Alameda i Orcutt: gitary bez garów

Bill Orcutt działa na nerwy. Wiem coś o tym, bo sześć lat temu nie mogłem zdzierżyć przesłuchania od początku do końca jego płyty How the Thing Sings – cyklu hałaśliwych i bardzo nerwowych właśnie improwizacji na gitarze akustycznej. W zestawieniu rocznym „The Wire” wylądowała wtedy wysoko, z czym nie mogłem się pogodzić, bo wrażenia ze słuchania tej płyty – którą dziś odkrywam na nowo – to trochę jak z pocieraniem styropianem po szkle. Wiemy, że efekt może być nieprzyjemny, ale przynajmniej bywa ciekawy i wyjątkowy. Jak z legendarnym zespołem, który współprowadził gitarzysta przez lata, czyli Harry Pussy, w muzyce którego efekt styropianu obecny był w wersji, której właściwie nie trzeba już było traktować jako przenośni (wokale jego żony Adris Hoyos) – i z moim ulubionym, wiele mówiącym tytułem późnego kompilacyjnego albumu: You’ll Never Play This Town Again. Przez lata solowy winyl Orcutta leżał więc u mnie w skrzynce z rzeczami do oddania lub wymiany, aż w końcu uznałem, że skoro nie mam pomysłu, komu go sprezentować, to może spróbuję go polubić. Poszło mi szybciej, gdy wysłuchałem kolejnych już płyt tego artysty, tym razem zagranych na gitarze elektrycznej.

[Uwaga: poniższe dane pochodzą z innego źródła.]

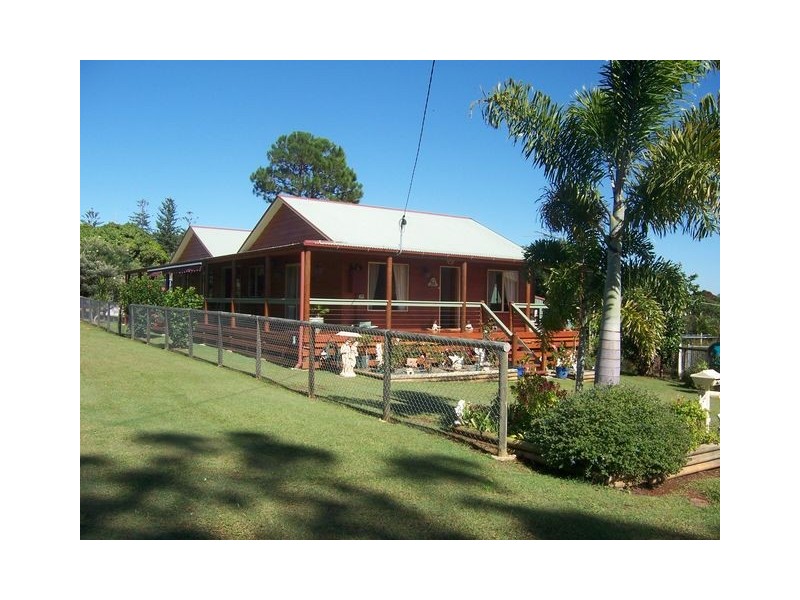 7 Wren Court, Macleay Island QLD 4184
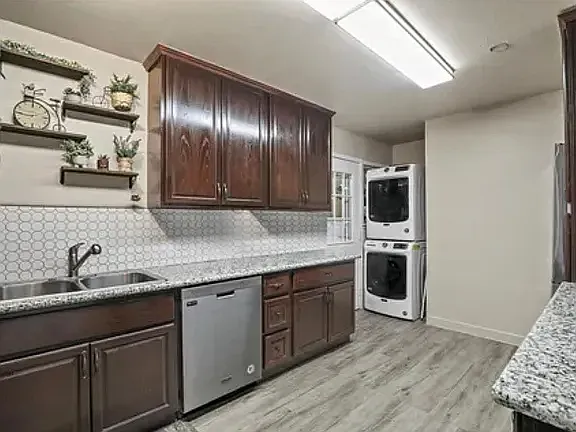 1710 Westwood Dr — Photo 5
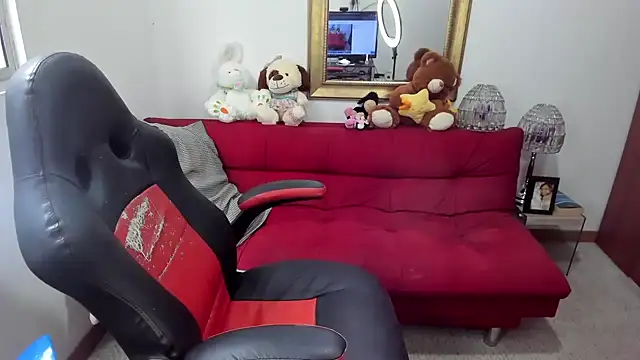 Snapshot of NicolettColin chatting on 12-12-24, 07:26 NicolettColin online show from 12-12-24, 07:26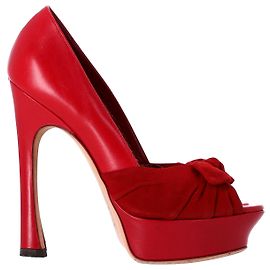 Yves Saint Laurent Palais 105 Bow Pumps in Red Leather Red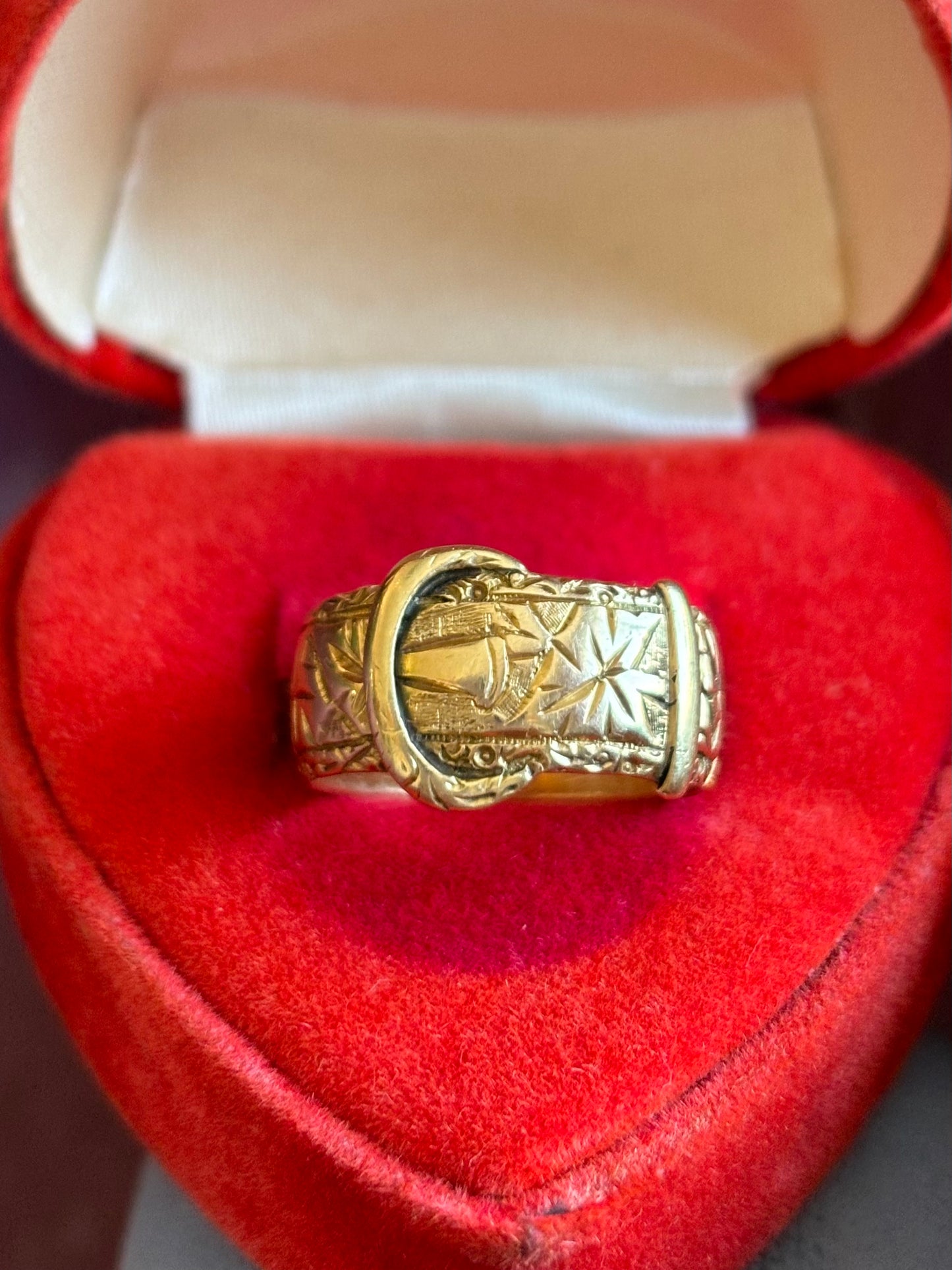 Antique 18K Buckle Ring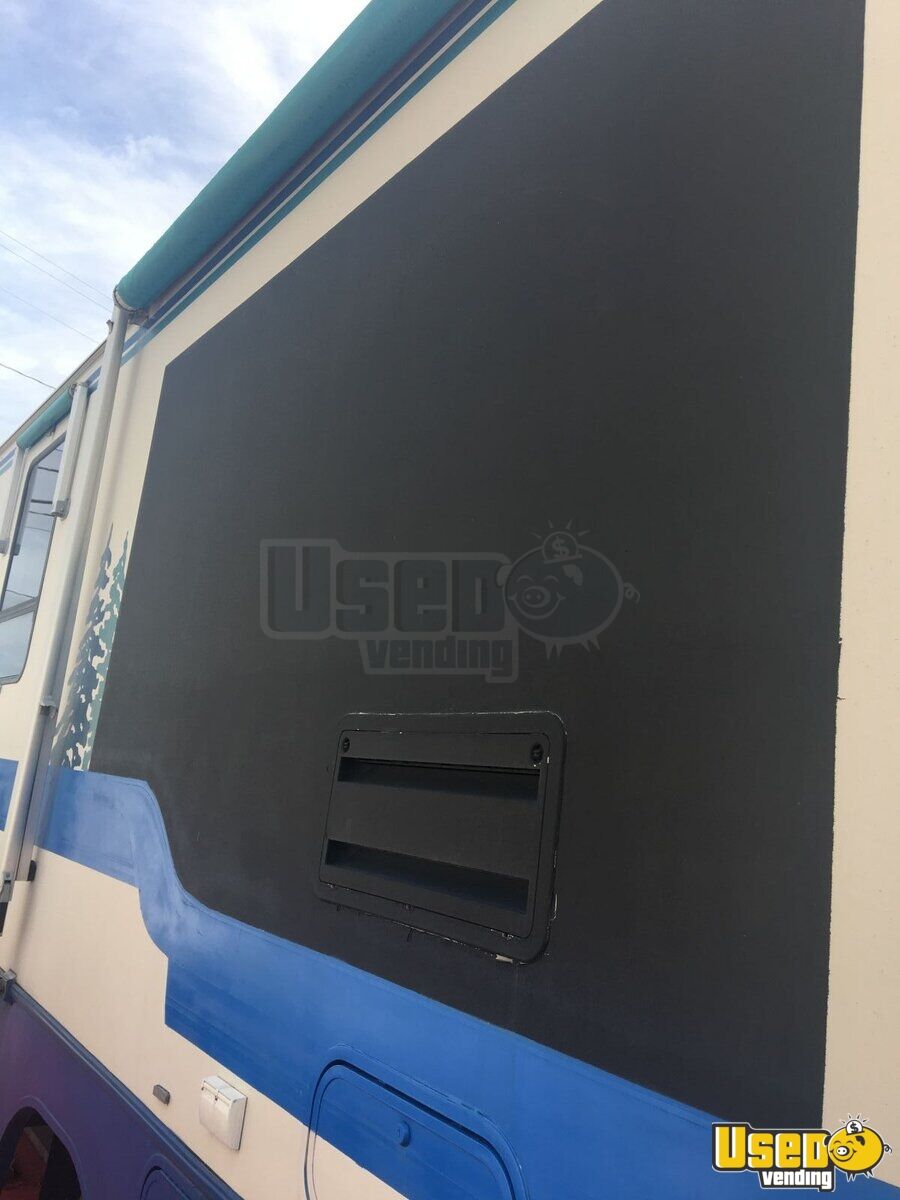 35 Winnobago Food Truck For Sale In Maine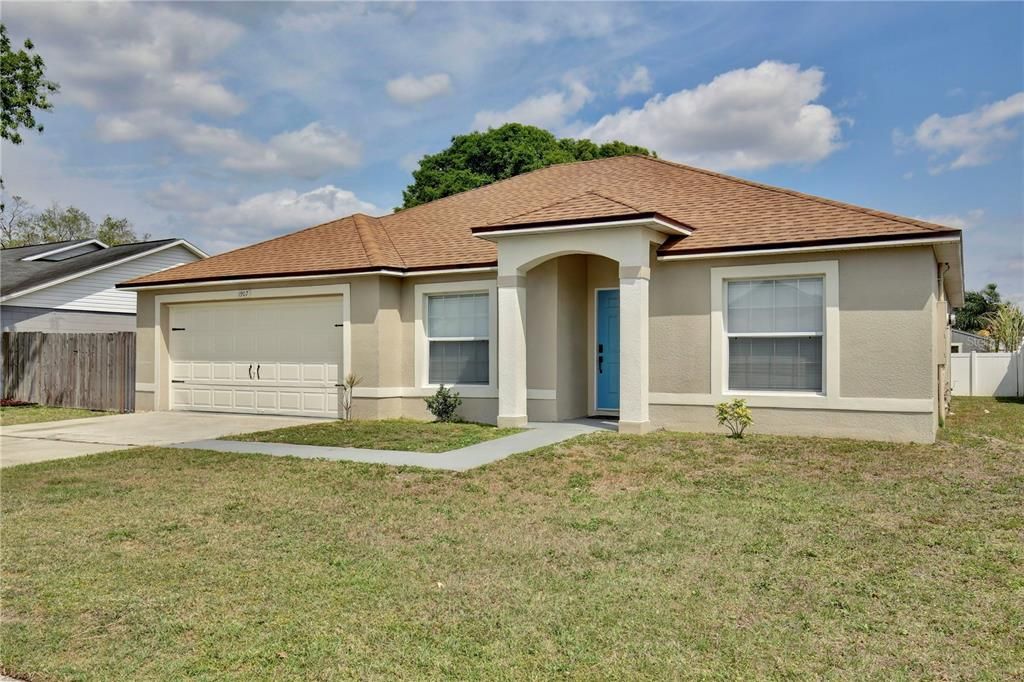 Active With Contract: $1,795 (3 beds, 2 baths, 1429 Square Feet)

Ta ostatnia, zatytułowana po prostu Bill Orcutt, czyli nazwiskiem 55-letniego muzyka z Miami, dziś mieszkającego bodaj w San Francisco, odchodzi trochę od rytmicznego stylu, który nazywał „czkawką”. To właśnie ów styl, powiązany z bluesowym duchem prostoty i punkowym zamiłowaniem do hałasu, sprawiał, że How the Thing Sings słuchało się równie trudno (dla niektórych: z równie wielką fascynacją) co albumów Harry Pussy. A ta nowa płyta to kolejny zestaw coverów w wykonaniu Orcutta, granych znacznie bardziej finezyjnym gestem, bardziej miękko, na ciepłych przesterach telecastera ze zdjętymi czterema strunami i z szacunkiem dla oryginałów, ale zarazem ich kompletną momentami nierozpoznawalnością. O ile How the Thing Sings swego czasu złośliwie porównywałem z nagraniami Dereka Baileya (próbując udowodnić, że Orcutt gorszy), o tyle tutaj mamy wręcz odpowiednik albumu Baileya Ballads. Niesamowitej płyty, która z wyświechtanych tematów z American Songbook robiła coś zupełnie nowego.

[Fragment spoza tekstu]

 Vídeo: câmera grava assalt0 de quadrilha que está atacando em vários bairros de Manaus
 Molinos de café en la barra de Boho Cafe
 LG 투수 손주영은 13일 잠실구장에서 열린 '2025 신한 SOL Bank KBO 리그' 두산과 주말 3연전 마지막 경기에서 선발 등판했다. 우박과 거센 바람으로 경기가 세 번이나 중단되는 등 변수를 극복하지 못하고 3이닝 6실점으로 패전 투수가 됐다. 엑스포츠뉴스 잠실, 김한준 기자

Na albumie Bill Orcutt mamy więc Lonely Woman w wersji trudnej do zidentyfikowania, White Christmas, nad którym trzeba się porządnie nagłowić, by rozpoznać (autor nagrał już wcześniej inną wersję), a wreszcie moje ukochane Over the Rainbow, którego pierwszy, niezwykle charakterystyczny interwał poznałem błyskawicznie, ale co z tego – gubiłem się później parokrotnie, by w tytułowej frazie parokrotnie odnaleźć. Jest tu również musicalowe Ol’ Man River w wykonaniu całkiem już prostym i urzekającym. Niezwykła płyta człowieka, który brzmiał w Harry Pussy jak garażowy mariaż Captaina Beefhearta z najbardziej radykalną Yoko Ono, a teraz – niczym Bailey – rzuca się na klasyki. I tak jak nie bał się ludzi, którzy zarzucali mu w latach 90. (mimo długiego stażu), że nie potrafi grać, tak teraz nie boi się konfrontacji z repertuarem granym tysiące razy i smakowanym przez ludzi, którzy wcześniej czynili mu zarzuty.

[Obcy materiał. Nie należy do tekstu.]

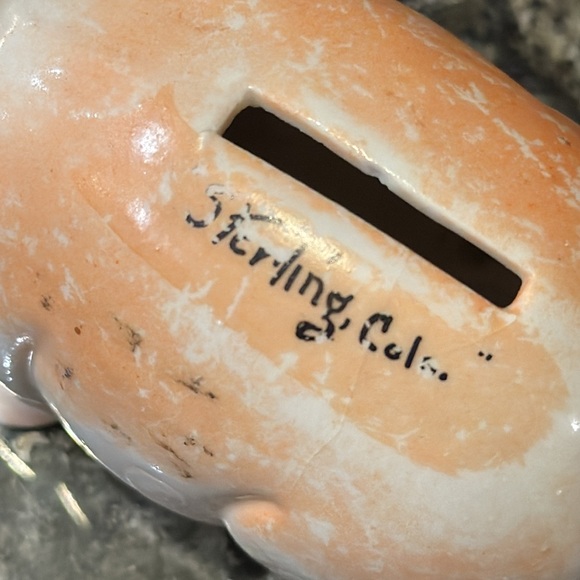 Vintage Japan Porcelain Piggy Bank 🐖 - Picture 4 of 9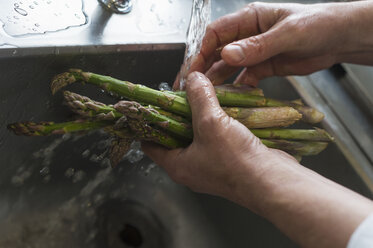 Spargel waschen, Schwerpunkt Hände - CUF31285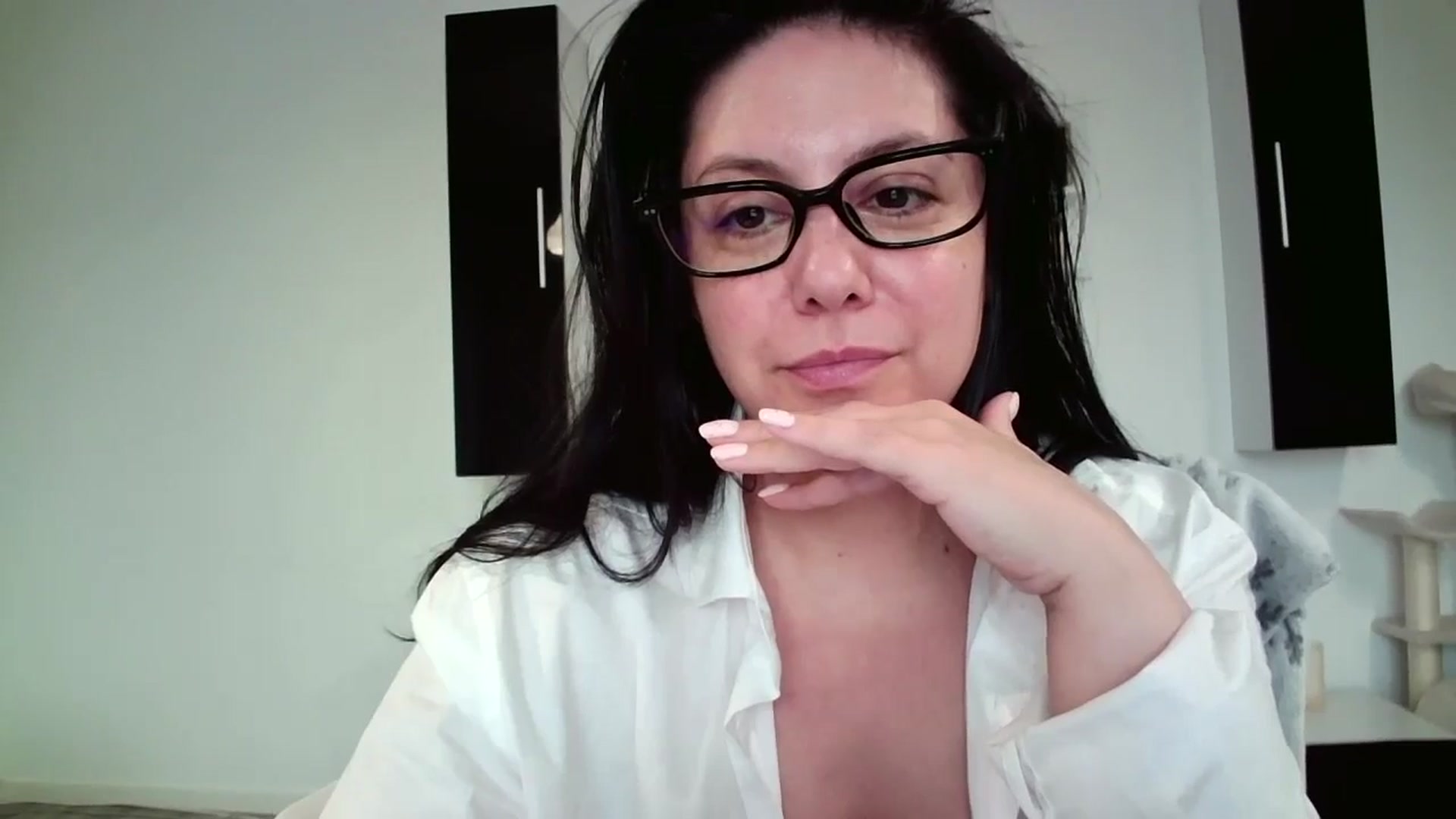 Gallery image thumbnail from SILKYWOMAN's myfreecams stream on, 05/18/2025, 17:14 image 7 of 20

BILL ORCUTT Bill Orcutt, Palilalia 2017, 8/10

To zawsze miłe, jeśli muzyk jest rozpoznawalny w każdej wersji każdego ze składów, w których gra. A z Kubą Ziołkiem tak jest. Jeśli Steely Dan mieli swój rozpoznawalny akord μ-dur, to Ziołek ma akord, który najchętniej nazwałbym Ψ – o ile autor nie ochrzcił go inaczej – bo „psi” dobrze dobrze oddaje psychodeliczny charakter szeroko rozpiętych wielodźwięków akustycznej gitary. A przy okazji jeszcze sygnalizuje w wypadku tego albumu greckie inspiracje, o których współautor płyty opowiada prosto: Rafał Iwański  (…) pewnego dnia podrzucił mi kasetę Christodoulosa Halarisa „Music of Ancient Greece”, w której automatycznie zakochałem się bez pamięci. A że przy okazji prymitywiści amerykańscy, na których również powołuje się Alameda (z Robbiem Basho na czele), także słuchali Greków, wszystko to ładnie się komponuje.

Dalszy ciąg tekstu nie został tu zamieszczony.